A Delaware state judge has rejected a request by the board of Tesla Inc. to dismiss a stockholder complaint over an “excessive” 2018 performance award to CEO Elon Musk.
In the spring of 2018, shareholders of the electric car-maker approved what may be the largest compensation deal in history for Musk, pegged on ambitions to turn Tesla into one of the world’s largest companies as it ventures beyond solar panels and electric cars.
If successful, the award could end up being worth more than $50 billion. To get it, Musk must remain at Tesla as either CEO or executive chairman and chief product officer.

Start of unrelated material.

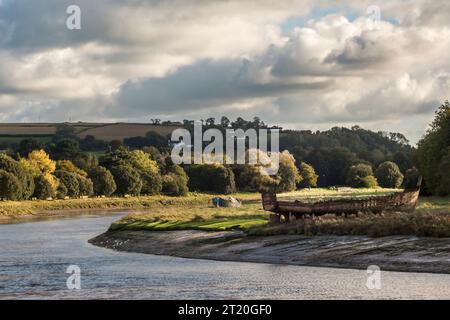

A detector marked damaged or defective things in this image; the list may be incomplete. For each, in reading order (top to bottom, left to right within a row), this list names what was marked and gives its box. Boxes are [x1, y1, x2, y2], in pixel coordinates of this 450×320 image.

small wrecked boat [260, 181, 422, 221]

Musk was stripped of the chairman title last year after a battle with the U.S. Securities and Exchange Commission over his “go private” tweet.
The shareholder sued last year, accusing the board of corporate waste and Musk of unjust enrichment.
The judge says it’s significant that Musk is Tesla’s controlling shareholder and notes “the size of the award is extraordinary; it allows Musk the potential to earn stock options with a value upwards of $55.8 billion” Musk currently has a 19% stake in the company.
In allowing three out of four claims to proceed in a case that presents novel questions of law, the judge says “the award is a transaction with a conflicted controlling stockholder and, as such, it ought to provoke heightened judicial suspicion.”
The case Tornetta v. Musk, 2018-0408, Delaware Chancery Court (Wilmington).
–With assistance from Christopher Yasiejko.